Believe it or not, people have actually been reading this blog. Some have even gone a step further and written in. Thanks to everyone who has enjoyed a tale.
Now, on to the mailbag.
Our first missive comes all the way from Toronto, Canada. Fairley, yes that is his name, says
"Greetings from Canada! Where can I find women who will greet me naked when I walk in? Please use my name."
Well..Fairley..., I've only been to Canada once, and that was Montreal. However, I am sure that Toronto has street corners similar to many US cities, where you can find women who will do that and more for an agreed upon amount of currency. You also might want to consider using your middle name.
JC in Mississippi writes, "Keep them coming. I am really enjoying this."
You're welcome. I see I will have to continue subjecting myself to public ridicule in order to keep you smiling. I will, of course, remember this when I pick out your retirement home.

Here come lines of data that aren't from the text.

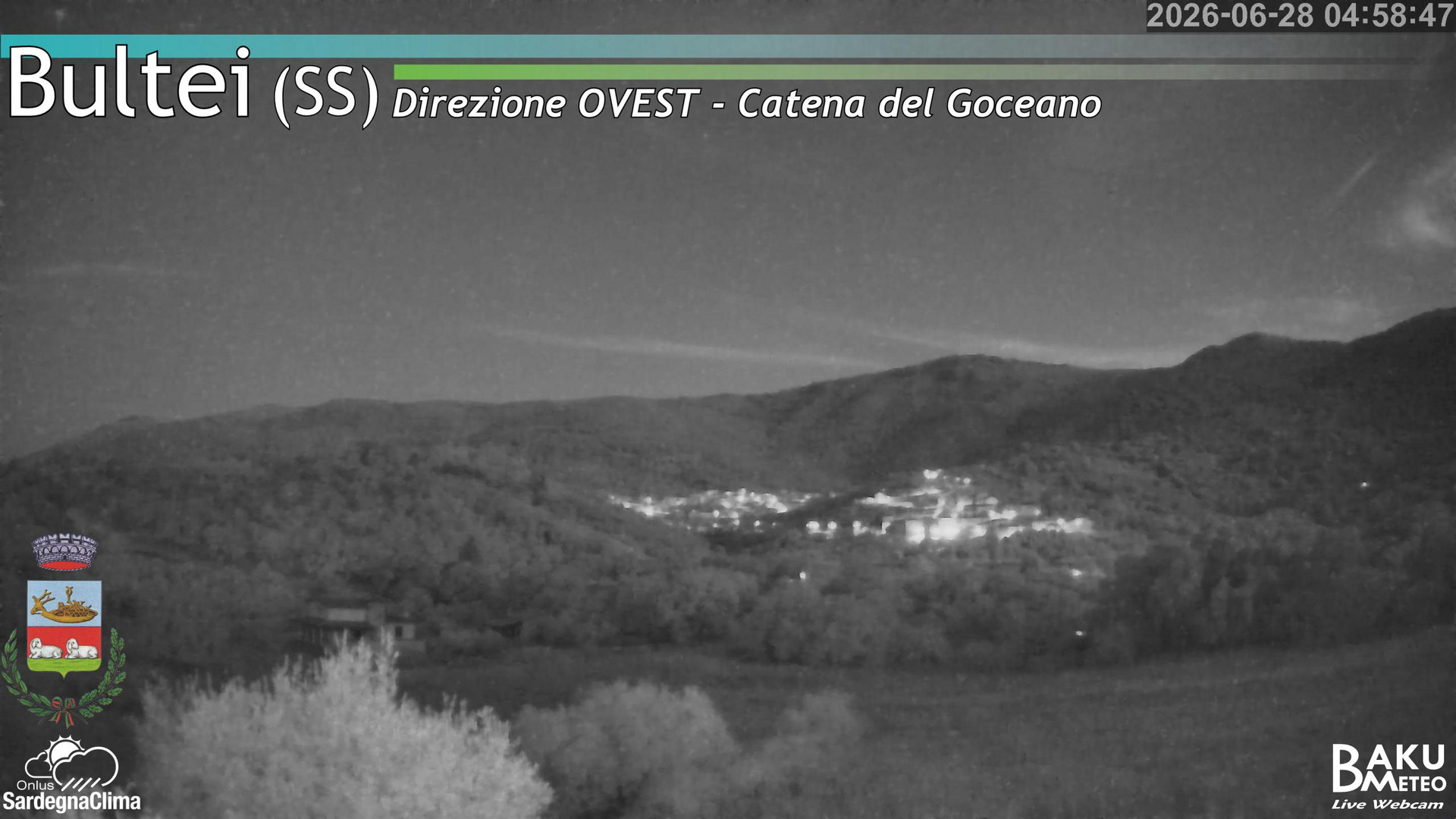 time-lapse frame, Bultei webcam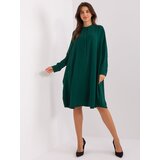 Fashion Hunters Dark green oversize midi dress | shoptok.hr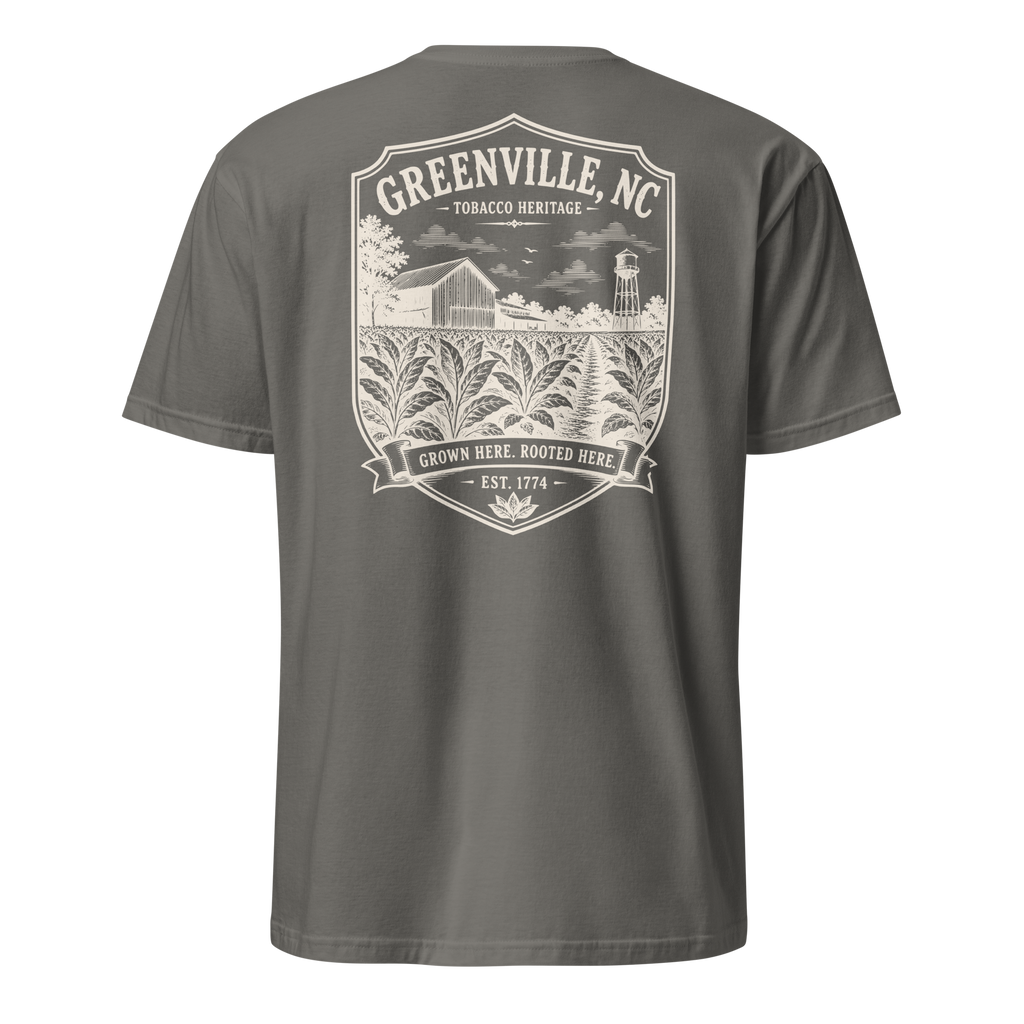 Greenville, NC - Tobacco Heritage - Short-Sleeve Unisex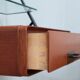 Wall mounted brass and glass nightstands Silvio Cavatorta 1950s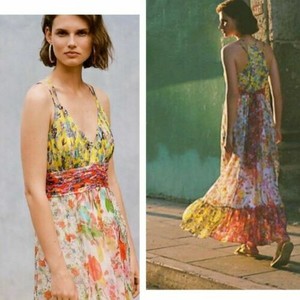 malibu floral maxi dress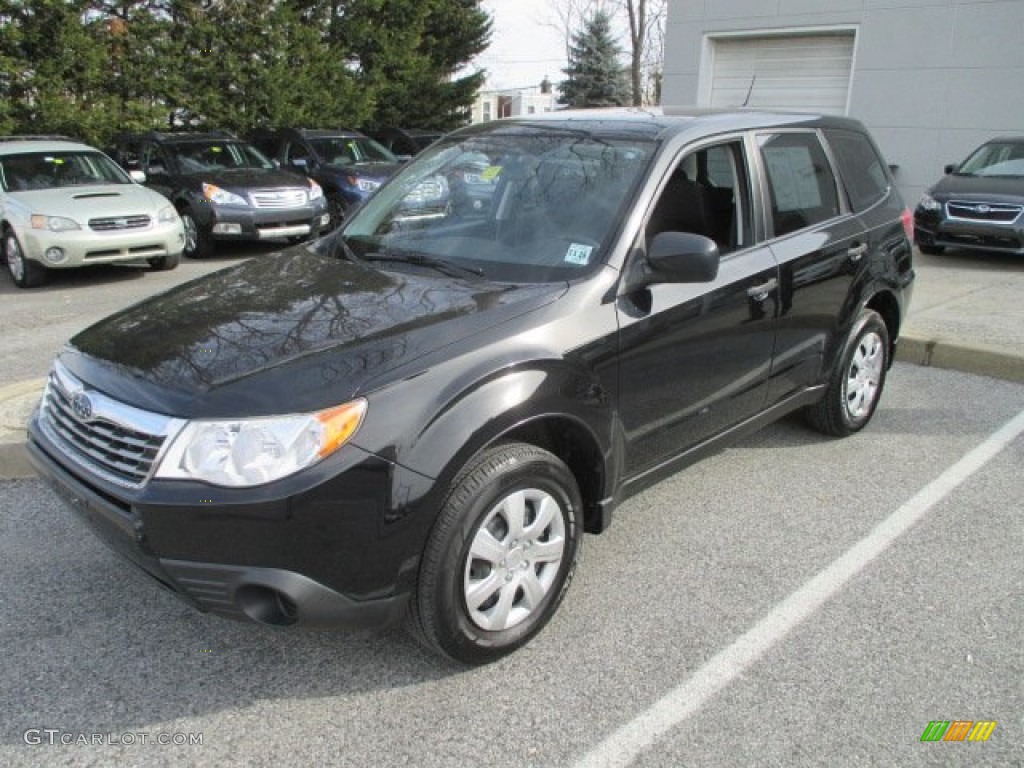 2010 Forester 2.5 X - Obsidian Black Pearl / Black photo #2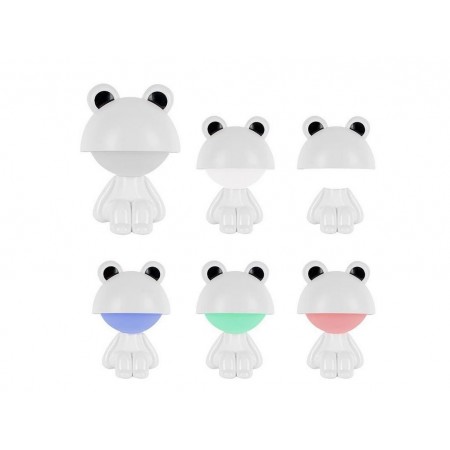 Светильник-ночник LED с аккумулятором Cute Froggy белый, Kite K25-316-3-1
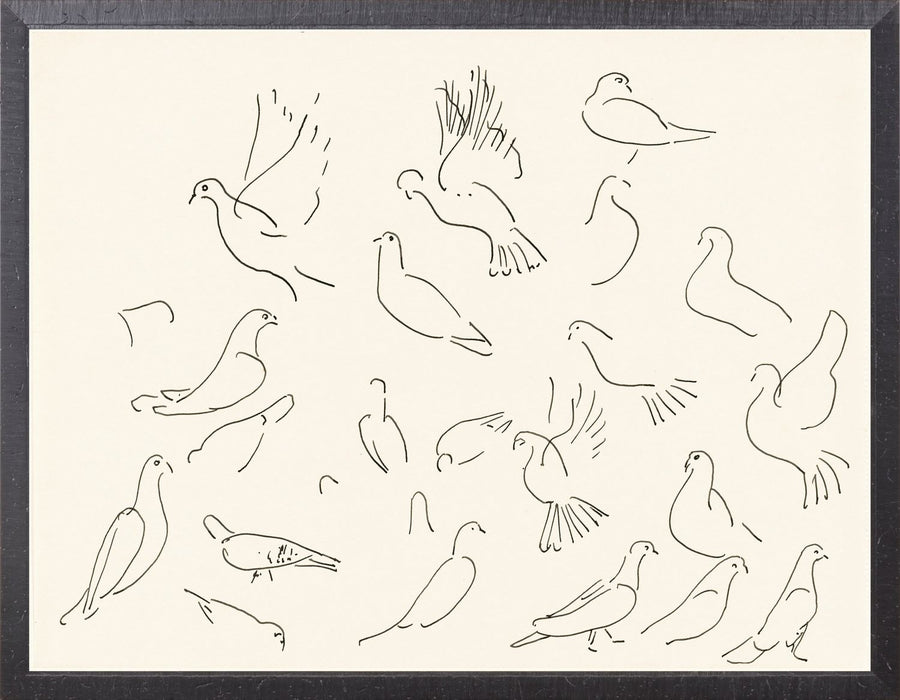 Collection 12 - Cachet, Doves - 1900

L from Winter Park writes, "My wife went to South Carolina, but she will still pull for "Climpson". Just for you."
Your wife would betray her school? For little old me? Is she nuts?

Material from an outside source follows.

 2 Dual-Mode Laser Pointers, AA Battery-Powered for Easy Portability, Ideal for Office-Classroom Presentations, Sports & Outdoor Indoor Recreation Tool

S from across the hall says, "You really need to quit fooling around and finish that project."
It's been on your desk a week. Moron.
H in Georgia volunteers this, "You sound like a really nice guy. I am planning to be in Orlando this Christmas, and I'd like to meet you."
Thanks H, I appreciate the thought, but, just going by the picture you included in your e-mail, I know a guy in Canada who would love to meet you.
S in Orlando sends this one, "Dude, you have the worst luck."
Wow, glad I'm not paying you for that brilliant observation.
K in Orlando tells us, "I remember that walk up the stairs. I thought you were going to pass out. I still thought it was just super cute the way you walked me all the way home."
Thanks K, my parents did raise me right, although they are looking at a cut rate retirement double-wide if they keep it up.